ACTION ITEM:
Could you set down only the lines from the one including "520 - Two wrought" to the end of the records below, inclusive and exact, leaving pictures out?

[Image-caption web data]
● ● ●
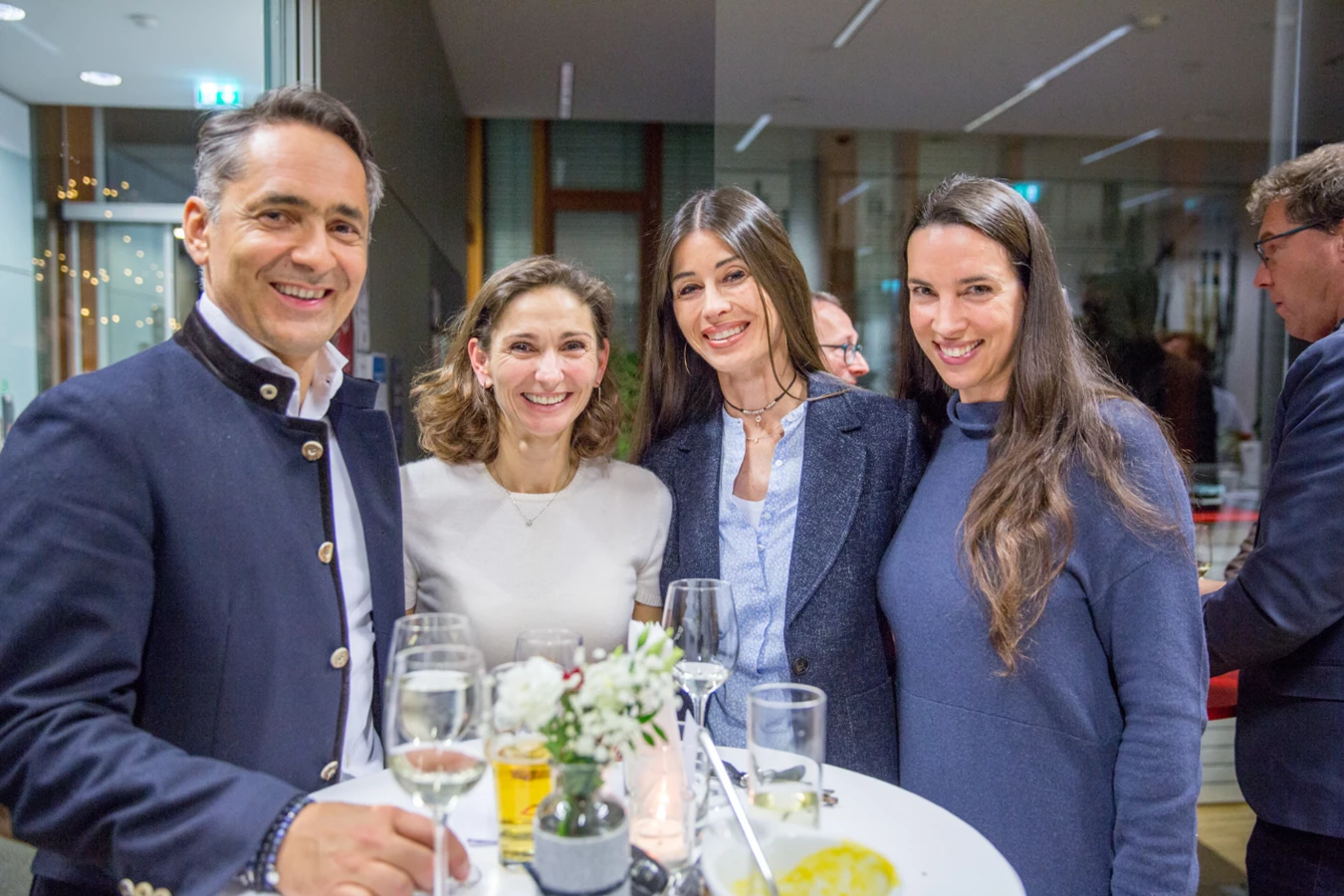 Vier lachende Personen, drei Frauen und ein Mann in Trachtenjacke, stehen an einem Stehtisch mit Getränken bei einer Veranstaltung (Hubert, Geburtstag).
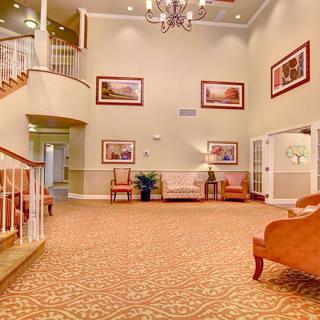 A spacious lobby with elegant furniture and artwork, featuring a grand staircase and chandelier.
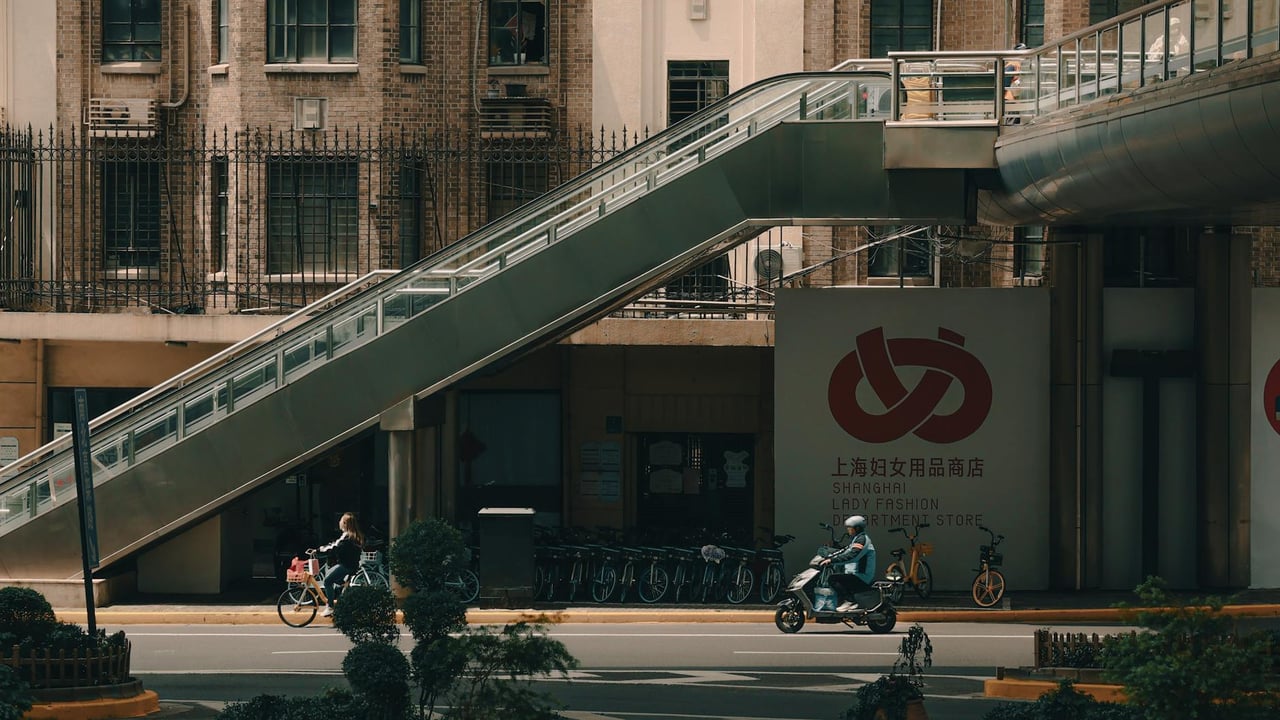 Street view in Shanghai showing an escalator, bicycles, and people in motion.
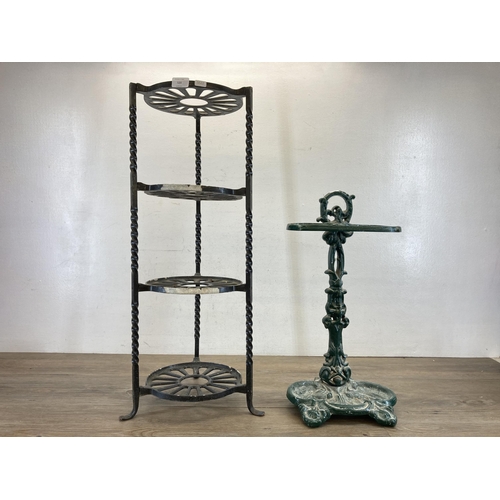 520 - Two wrought iron items, one black painted four tier kitchen pan stand - approx. 77cm high and one 19... 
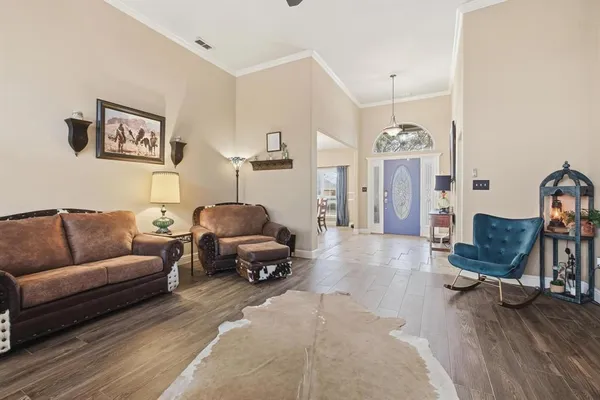 a living room with furniture and wooden floor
● ● ●
RESPONSE BOX:
 520 - Two wrought iron items, one black painted four tier kitchen pan stand - approx. 77cm high and one 19... 
 a living room with furniture and wooden floor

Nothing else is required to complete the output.